**TASK DETAILS**
Please restate exactly what appears in the records below from the first line to the line where "Nacho, geb. ca." is, that line included.

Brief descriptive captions
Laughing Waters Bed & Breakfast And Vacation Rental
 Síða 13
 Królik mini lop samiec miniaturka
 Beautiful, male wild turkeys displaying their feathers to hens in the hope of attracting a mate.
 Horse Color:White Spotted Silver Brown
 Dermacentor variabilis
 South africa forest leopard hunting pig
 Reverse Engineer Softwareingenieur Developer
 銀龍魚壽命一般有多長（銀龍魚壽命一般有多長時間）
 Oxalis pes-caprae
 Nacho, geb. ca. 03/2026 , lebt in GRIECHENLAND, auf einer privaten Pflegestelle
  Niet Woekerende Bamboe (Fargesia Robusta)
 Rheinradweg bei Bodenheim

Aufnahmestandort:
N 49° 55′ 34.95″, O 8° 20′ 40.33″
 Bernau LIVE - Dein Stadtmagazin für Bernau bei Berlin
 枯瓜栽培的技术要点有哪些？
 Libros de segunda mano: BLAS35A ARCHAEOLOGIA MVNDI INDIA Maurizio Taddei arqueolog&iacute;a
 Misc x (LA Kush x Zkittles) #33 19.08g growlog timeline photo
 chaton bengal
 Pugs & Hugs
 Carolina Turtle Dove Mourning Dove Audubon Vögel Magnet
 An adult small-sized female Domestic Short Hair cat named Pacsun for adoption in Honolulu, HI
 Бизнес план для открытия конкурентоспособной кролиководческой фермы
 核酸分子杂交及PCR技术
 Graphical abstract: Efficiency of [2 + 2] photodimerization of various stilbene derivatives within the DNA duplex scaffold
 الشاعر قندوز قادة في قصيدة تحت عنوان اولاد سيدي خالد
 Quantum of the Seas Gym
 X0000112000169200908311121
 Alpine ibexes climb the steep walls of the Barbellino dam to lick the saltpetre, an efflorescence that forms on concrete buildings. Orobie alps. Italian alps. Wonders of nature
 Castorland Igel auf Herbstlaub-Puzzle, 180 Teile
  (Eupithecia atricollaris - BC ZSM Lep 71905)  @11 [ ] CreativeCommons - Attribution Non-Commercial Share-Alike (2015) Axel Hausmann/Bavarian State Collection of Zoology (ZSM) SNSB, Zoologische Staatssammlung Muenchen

**REPLY**
Laughing Waters Bed & Breakfast And Vacation Rental
 Síða 13
 Królik mini lop samiec miniaturka
 Beautiful, male wild turkeys displaying their feathers to hens in the hope of attracting a mate.
 Horse Color:White Spotted Silver Brown
 Dermacentor variabilis
 South africa forest leopard hunting pig
 Reverse Engineer Softwareingenieur Developer
 銀龍魚壽命一般有多長（銀龍魚壽命一般有多長時間）
 Oxalis pes-caprae
 Nacho, geb. ca. 03/2026 , lebt in GRIECHENLAND, auf einer privaten Pflegestelle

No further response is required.